Canını dişine takarak, bütün zorluklara rağmen bir can kurtarmaya çalışan AKUT, UMKE, Sağlık teşkilatının bütün görevlileri, itfaiyecilerimiz, askeri ve sivil bütün personel, enkaz kaldırmada, yaraları sarmada, iaşe ve ibate hizmetlerini hakkıyla yerine getirenlere kısaca emeği geçen herkese minnet duygularımızı iletelim öncelikle.
Bir canın kurtarılması bu kadar değerliyken, aynı canın kaybedilmesi de bir o kadar üzücüdür.
Allahın adalet terazisi kıldan ince, kılıçtan keskindir diye ifade edilir. Ayet-i kerimede geçen zerre miskali hayır ve şer tam da budur.
İnsanların hayatını karartan binaları, uygun şartlara göre yapmayan müteahhit, imza atan sorumlu, onaylayan yetkili, denetim yapmayan görevli, göz yuman sistem ve bu sistemi oluşturan paydaşlar, olan bitenden sorumludur.
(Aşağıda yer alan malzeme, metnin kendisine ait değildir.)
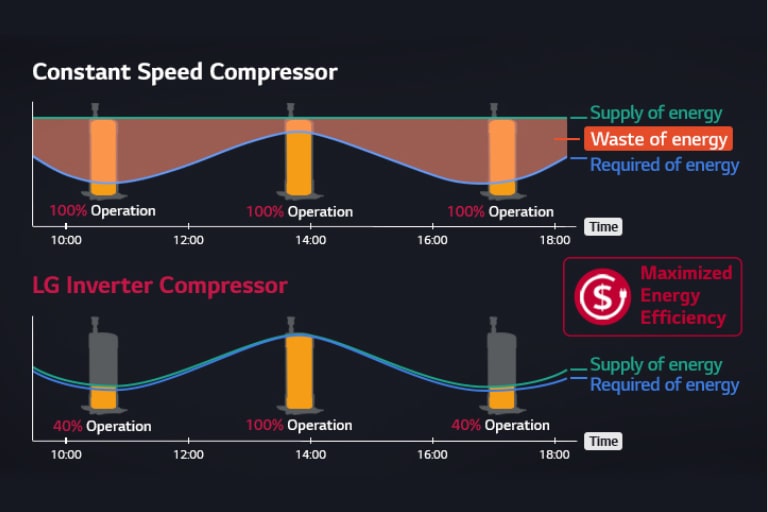 Maximum Energy Efficiency1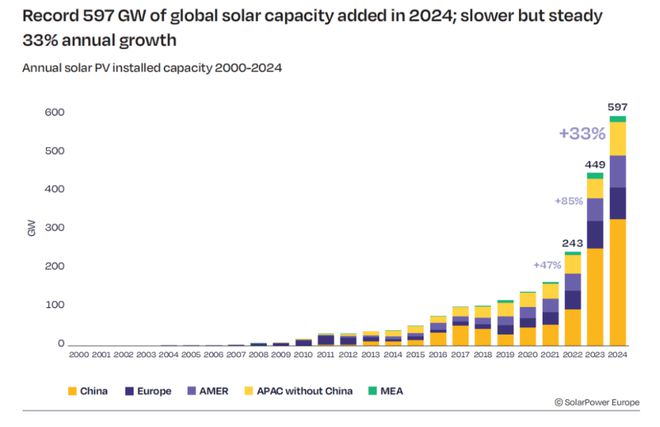 今年全球光伏新增装机或达655GW增长约10%增速回落(图1)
Bunu kim diyor, Kuran-ı azimüşşan diyor.
Bazı kesimler, bu genellemeyi sadece içki üzerinde dillendiriyor, hani içen, taşıyan, üreten, satan vs gibi.
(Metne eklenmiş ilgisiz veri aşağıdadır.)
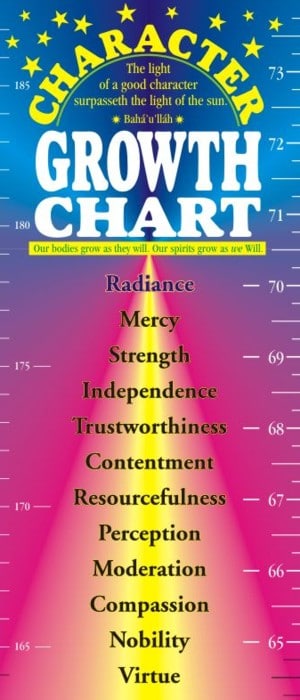 Character Growth Chart - Baha'i Resources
Halbuki, Bu örneklemeyi, maddi manevi haksızlıkların yaşandığı bütün sektörlere yaymalısınız.
Siz, kızınızı öpmeden uyumuyorsanız, başka kız babalarının da en doğal bu hakkı elinden almışsanız ve yüce adalet buna kayıtsız kalacaksa, yüce kitap ve yaratıcı kendini yalanlamış olmaz mı?
Haşa, böyle bir şey mümkün değil, o halde vatandaşlık hakkını kullanmaktan başlayarak bu evrelerde dahli ve emeği olan herkes, büyük hesap gününde buna benzer konulardaki, zerre miskali hayır ve şerlerin sorulacağı hesaba hazırlansın.
Toplumda yaşanan bir olumsuzluktan etkilenen kişilerin haklarını korumak zorunda olan Rabbimiz, bizim karşımızda kendini mahcup duruma düşürmeyeceğinden yatacak yerimiz yok . cümlesindeki genellemenin ne manaya geldiğini düşünmeye azıcık zaman ayırmamız gerek.
Herkesin aklı var ve bulunduğu ortamı kendi menfaatine olabilecek şekle sokmaya, herkesin yeteneği var ama namuslu ve dürüst insanlar, bunu elinin tersiyle itip helal kazancıyla mütevazı yaşamı yeğliyorlar. Yazlıkları, kışlıkları, villaları, lüks cipleri, çocuklarının Avrupa eğitimleri, seyahatleri, bankalarda çok sıfırlı emre amade mevduatları ve bununla ilintili olarak makamları olmuyor ama toplum vicdanında onurlu duruşları ve lekesiz isimleri oluyor.
Tarihe mal olmuş bu özellikli insanlara gıpta ile bakılmasının ana sebebi budur ve namuslu olmak, ona göre yaşamak çok zor bir sanattır.